Durham County

Durham picks developer for old police headquarters deal. Why it chose the lower offer

The plan for 505 W. Chapel Hill St. calls for 300 apartments (some of which can be seen on the right in this illustration) and a new commercial office building behind the old police headquarters.
The plan for 505 W. Chapel Hill St. calls for 300 apartments (some of which can be seen on the right in this illustration) and a new commercial office building behind the old police headquarters.

Durham city officials will begin negotiating with a Boston company to transform the block that houses the old police headquarters into a development with 300 apartments, commercial and retail space.

The City Council voted unanimously Monday night to authorize City Manager Tom Bonfield to begin negotiating with The Fallon Co. to redevelop the 4.5 acre block at 505 W. Chapel Hill St.

If a deal is reached, the company would pay the city $9.25 million and develop the property according to its proposed plan that preserves the former police headquarters, but adds apartment buildings and a tower with 276,000 square feet of commercial space.

The proposal includes 80 units for households at 60 percent of the area’s median income. In Durham, that’s about $40,425 for a four-person household, The News & Observer has reported.

The plan has a total of 350,000 square feet of office and commercial space, which includes 73,500 square feet in the old headquarters building, the ground floor of which would have retail spaces.

Nine firms expressed interest and four were invited to submit full proposals. Of the three proposals submitted, two — Fallon and Washington, D.C.-based Akridge — were selected for further evaluation.

Akridge proposal

The Akridge proposal included a partnership with with New South Ventures development firm. New South Ventures was founded by Michael Lemanski and includes Dewayne Washington, a partner, and Carl Webb, a principal, according to the company’s website. The Durham company’s projects include the renovation of the 14-story historic N.C. Mutual Life building next to the old police headquarters.

Lemanski, Webb and others associated with New South Ventures were also members of the Greenfire Development team, which struggled to deliver promised downtown projects that were eventually unloaded during the Great Recession, The News & Observer has reported.

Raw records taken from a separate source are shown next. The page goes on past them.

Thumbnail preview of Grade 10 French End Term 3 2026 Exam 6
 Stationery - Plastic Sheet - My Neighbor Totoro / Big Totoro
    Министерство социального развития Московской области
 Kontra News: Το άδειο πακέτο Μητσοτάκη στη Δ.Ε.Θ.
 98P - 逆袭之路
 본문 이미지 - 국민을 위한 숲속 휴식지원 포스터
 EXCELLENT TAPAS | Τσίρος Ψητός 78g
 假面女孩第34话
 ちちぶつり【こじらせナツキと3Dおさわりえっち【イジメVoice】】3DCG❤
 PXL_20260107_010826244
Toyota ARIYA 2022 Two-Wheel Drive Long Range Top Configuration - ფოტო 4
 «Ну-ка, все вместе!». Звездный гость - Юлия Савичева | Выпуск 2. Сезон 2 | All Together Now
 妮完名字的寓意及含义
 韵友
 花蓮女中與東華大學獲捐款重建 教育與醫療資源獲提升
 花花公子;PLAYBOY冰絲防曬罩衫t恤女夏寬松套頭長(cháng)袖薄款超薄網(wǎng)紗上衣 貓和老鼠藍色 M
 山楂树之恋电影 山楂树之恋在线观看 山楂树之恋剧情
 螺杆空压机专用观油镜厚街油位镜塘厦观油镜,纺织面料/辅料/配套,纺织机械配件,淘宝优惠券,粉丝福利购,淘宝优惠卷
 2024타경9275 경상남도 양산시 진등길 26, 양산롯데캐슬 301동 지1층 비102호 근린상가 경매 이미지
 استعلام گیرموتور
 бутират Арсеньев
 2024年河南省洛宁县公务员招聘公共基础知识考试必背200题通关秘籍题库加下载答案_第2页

Lemanski moved on to UNC-Chapel Hill’s School of Government as the director of a new university program helping local communities find developers to rebuild rundown areas. He stepped down from the UNC position shortly after a 2017 audit revealed conflict of interest concerns between Lemanski’s role at the university and related private development interests, The News & Observer reported.

None of this came up during the more than two-hour discussion on the downtown project Monday night. Afterward Mayor Steve Schewel said he didn’t have concerns about New South Ventures.

Proponents of the Akridge proposal included Durham Public Schools board member Minnie Forte-Brown and former County Commissioner Michael Page. They emphasized New South Ventures’ African-American ownership, which includes Webb and Washington, and the need to support such partnerships in a gentrifying downtown with few minority-owned businesses left in an area known for its Black Wall Street.

Akridge offered an up to $11.25 million payment for the property and proposed 420 apartments, including 90 affordable units. An Oct. 18 update to the proposal reversed the company’s initial plan to demolish the former police headquarters building and added a tower with 170,000 square feet of commercial space.

The headquarters building was built in 1957 as offices for the Home Security Life Insurance Co. The city had occupied it since 1991 and vacated the dilapidated structure to move into a new headquarters building on East Main Street.

Bell backs Fallon

Proponents of the Fallon team included former Mayor Bill Bell, an adviser for the team who stressed its successful track record.

“I found them to be honorable, to have integrity with their proposal; as a company I trust that they would do and deliver what they promise,” Bell said.

City Council members said the two proposals were very competitive but they ultimately followed staff’s recommendation of The Fallon Co.

City staffers based their recommendation on the company’s affordable housing partner’s experience, the proposed financing model, the flow of the project and the larger amount of office space that could attract a company’s headquarters, among other factors.

The two strongest factors of the Fallon proposal include that the city will receive a majority of the payment for the property at the beginning of the project and Fallon’s project partner, WinnCompanies, the largest manager of affordable housing in the U.S., doing business in Durham, said City Councilman Charlie Reece.

“And to begin what I hope will be a long fruitful relationship,” Reece said.

Staff negotiations are expected to take at least six months with the development agreement likely returning to the council in spring 2020.

After the meeting, Webb said in a statement that he and his team appreciate the council’s “care with which it deliberated,” the project.

“While the process was far from perfect, we congratulate the Fallon team and look forward to seeing this important development unfold,” the statement said.